One of the downsides of Lowe’s is its price. Currently trading at 24.1 times its trailing earnings, the firm has a price premium of 23.3% relative to the industry average. As share value has been rising steadily over the past year, the time for entry seems to have passed. Also, while the domestic store base matures and new store growth ceases to be an option, increasing pressure from competitors is expected to put a strain on returns of invested capital. Despite this risk and the price premium at which the company is trading, I feel bullish regarding Lowe’s future.
Despite being the world’s largest home-improvement retailer, with annual revenue surpassing the $78 billion mark, Home Depot has been facing challenges as of late. In order to counteract the unfavorable economic environment of the past years, the company has focused on updating its distribution network. Lowe’s already has a highly automated supply chain and placed a large emphasis on new store openings, but Home Depot seeks to improve its current stores' productivity.
Some of the upgrades the firm has introduced include self-service checkout machines and online shopping websites. Through these mechanisms, the company is looking to reduce customers waiting time and reduce staff, while increasing their product offerings. In addition, Home Depot has targeted one of Lowe’s competitive advantages by restructuring its supply chain and improving its information technology infrastructure. The firm has already reaped some early benefits from its reworked supply chain, especially in terms of additional merchandising capabilities. The introduction of new technology is expected to provide additional flexibility in inventory and sales at the store level, thus improving profitability. By switching to a regional distribution network, such as the one operated by Lowe’s, Home Depot seeks to take advantage of its tremendous economies of scale.

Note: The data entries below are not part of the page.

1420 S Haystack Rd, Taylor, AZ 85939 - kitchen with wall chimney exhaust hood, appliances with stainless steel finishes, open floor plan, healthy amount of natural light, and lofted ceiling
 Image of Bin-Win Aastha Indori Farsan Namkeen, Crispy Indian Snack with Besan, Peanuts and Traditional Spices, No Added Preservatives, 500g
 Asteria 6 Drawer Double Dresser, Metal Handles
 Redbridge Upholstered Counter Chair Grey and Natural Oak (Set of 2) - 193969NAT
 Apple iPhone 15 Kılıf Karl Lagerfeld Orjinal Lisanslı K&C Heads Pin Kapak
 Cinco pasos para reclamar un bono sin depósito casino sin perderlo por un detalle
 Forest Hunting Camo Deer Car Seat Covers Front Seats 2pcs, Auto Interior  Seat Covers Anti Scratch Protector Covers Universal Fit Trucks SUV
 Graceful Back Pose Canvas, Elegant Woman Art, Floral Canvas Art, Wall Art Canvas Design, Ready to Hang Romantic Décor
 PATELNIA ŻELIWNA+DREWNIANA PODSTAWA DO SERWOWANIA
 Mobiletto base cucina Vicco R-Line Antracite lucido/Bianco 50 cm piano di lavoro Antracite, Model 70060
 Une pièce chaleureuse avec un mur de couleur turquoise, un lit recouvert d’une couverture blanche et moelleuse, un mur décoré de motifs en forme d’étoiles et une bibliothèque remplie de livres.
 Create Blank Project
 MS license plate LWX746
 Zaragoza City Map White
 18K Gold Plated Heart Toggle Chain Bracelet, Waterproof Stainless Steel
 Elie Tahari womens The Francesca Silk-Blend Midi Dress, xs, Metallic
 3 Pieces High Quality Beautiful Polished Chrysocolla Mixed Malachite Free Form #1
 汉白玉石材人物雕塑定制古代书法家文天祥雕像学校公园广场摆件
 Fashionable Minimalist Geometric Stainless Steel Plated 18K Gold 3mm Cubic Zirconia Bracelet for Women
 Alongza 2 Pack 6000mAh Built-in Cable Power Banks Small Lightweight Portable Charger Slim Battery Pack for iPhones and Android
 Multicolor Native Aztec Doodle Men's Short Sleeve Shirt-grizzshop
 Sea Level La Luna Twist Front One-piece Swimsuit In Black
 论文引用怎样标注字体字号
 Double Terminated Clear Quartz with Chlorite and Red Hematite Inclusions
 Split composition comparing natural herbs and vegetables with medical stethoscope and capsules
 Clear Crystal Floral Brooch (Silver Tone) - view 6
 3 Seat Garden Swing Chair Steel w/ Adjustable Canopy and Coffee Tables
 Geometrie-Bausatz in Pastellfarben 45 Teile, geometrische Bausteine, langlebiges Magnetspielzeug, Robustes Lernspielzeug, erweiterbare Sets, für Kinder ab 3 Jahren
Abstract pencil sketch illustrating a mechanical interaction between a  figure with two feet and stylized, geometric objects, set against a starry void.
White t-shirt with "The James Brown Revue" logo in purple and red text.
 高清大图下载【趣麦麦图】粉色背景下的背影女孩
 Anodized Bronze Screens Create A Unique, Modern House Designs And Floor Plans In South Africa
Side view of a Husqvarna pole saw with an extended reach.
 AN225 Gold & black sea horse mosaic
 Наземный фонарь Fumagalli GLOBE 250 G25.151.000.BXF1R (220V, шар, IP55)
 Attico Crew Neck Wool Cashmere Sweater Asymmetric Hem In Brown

Despite the rosy outlook of the company’s restructuring, the IT and supply chain improvements are still underway and thus face risks. Poor implementation and setbacks could seriously harm the firm’s profitability. Also, Jean-Marie Eveillard of First Eagle Investment Management and John Burbank of Passport Capital have recently sold their entire stake in the firm. The bearish feeling of these two investment gurus towards Home Depot does not inspire confidence in the company’s future growth potential. Since the home-improvement retailer is currently trading at 22.1 times its trailing earnings, those seeking to invest must face a 19.5% price premium relative to the industry average. I think Home Depot will fare well in coming years, especially if the restructuring efforts are successful.
As the U.S. economy rebounds and home-improvement sales rise, Lowe’s and Home Depot are both set to see their revenue increase. However, Home Depot seems to be trailing behind Lowe’s in terms of supply chain automation and IT infrastructure. As new store growth slows down, this competitive advantage could be highly beneficial for Lowe’s. Although both firms have strong financial positions and good future outlooks, I tend to follow investment gurus’ transactions and thus feel more bullish towards Lowe’s. Nevertheless, I think there is yet enough room for both companies to grow and increase their market shares without suffering the effects of fierce and direct competition.
Disclosure: Patricio Kehoe holds no position in any of the mentioned stocks.